### [To do]
All of the entries must be output exactly as they are.

Stored data Start Marker

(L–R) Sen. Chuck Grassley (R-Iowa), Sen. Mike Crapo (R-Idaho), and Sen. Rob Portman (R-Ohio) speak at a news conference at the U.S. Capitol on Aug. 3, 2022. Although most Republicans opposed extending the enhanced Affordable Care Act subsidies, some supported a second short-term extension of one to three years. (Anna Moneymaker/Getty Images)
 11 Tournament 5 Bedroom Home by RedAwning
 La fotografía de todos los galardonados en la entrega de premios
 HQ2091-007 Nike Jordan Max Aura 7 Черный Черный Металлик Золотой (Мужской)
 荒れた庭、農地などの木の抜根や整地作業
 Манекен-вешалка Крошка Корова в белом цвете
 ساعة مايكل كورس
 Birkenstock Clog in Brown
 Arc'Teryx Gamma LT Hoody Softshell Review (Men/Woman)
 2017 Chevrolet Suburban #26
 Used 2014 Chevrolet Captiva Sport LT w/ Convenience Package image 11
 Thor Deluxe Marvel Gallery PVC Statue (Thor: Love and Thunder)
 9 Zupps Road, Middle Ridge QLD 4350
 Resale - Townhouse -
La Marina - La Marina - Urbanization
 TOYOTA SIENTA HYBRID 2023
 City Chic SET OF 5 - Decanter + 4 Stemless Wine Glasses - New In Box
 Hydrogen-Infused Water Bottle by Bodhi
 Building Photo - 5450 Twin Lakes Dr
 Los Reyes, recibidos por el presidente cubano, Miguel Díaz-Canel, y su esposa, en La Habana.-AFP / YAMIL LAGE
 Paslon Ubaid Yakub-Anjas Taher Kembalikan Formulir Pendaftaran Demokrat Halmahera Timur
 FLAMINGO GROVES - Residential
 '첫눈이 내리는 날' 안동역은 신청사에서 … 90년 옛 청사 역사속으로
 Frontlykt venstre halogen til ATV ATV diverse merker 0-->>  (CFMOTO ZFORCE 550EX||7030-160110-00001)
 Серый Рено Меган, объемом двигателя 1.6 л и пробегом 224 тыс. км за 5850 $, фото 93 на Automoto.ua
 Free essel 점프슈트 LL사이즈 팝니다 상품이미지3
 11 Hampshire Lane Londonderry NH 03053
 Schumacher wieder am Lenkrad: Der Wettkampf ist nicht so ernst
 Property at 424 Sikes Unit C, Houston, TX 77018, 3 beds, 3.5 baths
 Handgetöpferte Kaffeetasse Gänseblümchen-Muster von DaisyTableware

Stored data End Marker

### [Solution to this task]
(L–R) Sen. Chuck Grassley (R-Iowa), Sen. Mike Crapo (R-Idaho), and Sen. Rob Portman (R-Ohio) speak at a news conference at the U.S. Capitol on Aug. 3, 2022. Although most Republicans opposed extending the enhanced Affordable Care Act subsidies, some supported a second short-term extension of one to three years. (Anna Moneymaker/Getty Images)
 11 Tournament 5 Bedroom Home by RedAwning
 La fotografía de todos los galardonados en la entrega de premios
 HQ2091-007 Nike Jordan Max Aura 7 Черный Черный Металлик Золотой (Мужской)
 荒れた庭、農地などの木の抜根や整地作業
 Манекен-вешалка Крошка Корова в белом цвете
 ساعة مايكل كورس
 Birkenstock Clog in Brown
 Arc'Teryx Gamma LT Hoody Softshell Review (Men/Woman)
 2017 Chevrolet Suburban #26
 Used 2014 Chevrolet Captiva Sport LT w/ Convenience Package image 11
 Thor Deluxe Marvel Gallery PVC Statue (Thor: Love and Thunder)
 9 Zupps Road, Middle Ridge QLD 4350
 Resale - Townhouse -
La Marina - La Marina - Urbanization
 TOYOTA SIENTA HYBRID 2023
 City Chic SET OF 5 - Decanter + 4 Stemless Wine Glasses - New In Box
 Hydrogen-Infused Water Bottle by Bodhi
 Building Photo - 5450 Twin Lakes Dr
 Los Reyes, recibidos por el presidente cubano, Miguel Díaz-Canel, y su esposa, en La Habana.-AFP / YAMIL LAGE
 Paslon Ubaid Yakub-Anjas Taher Kembalikan Formulir Pendaftaran Demokrat Halmahera Timur
 FLAMINGO GROVES - Residential
 '첫눈이 내리는 날' 안동역은 신청사에서 … 90년 옛 청사 역사속으로
 Frontlykt venstre halogen til ATV ATV diverse merker 0-->>  (CFMOTO ZFORCE 550EX||7030-160110-00001)
 Серый Рено Меган, объемом двигателя 1.6 л и пробегом 224 тыс. км за 5850 $, фото 93 на Automoto.ua
 Free essel 점프슈트 LL사이즈 팝니다 상품이미지3
 11 Hampshire Lane Londonderry NH 03053
 Schumacher wieder am Lenkrad: Der Wettkampf ist nicht so ernst
 Property at 424 Sikes Unit C, Houston, TX 77018, 3 beds, 3.5 baths
 Handgetöpferte Kaffeetasse Gänseblümchen-Muster von DaisyTableware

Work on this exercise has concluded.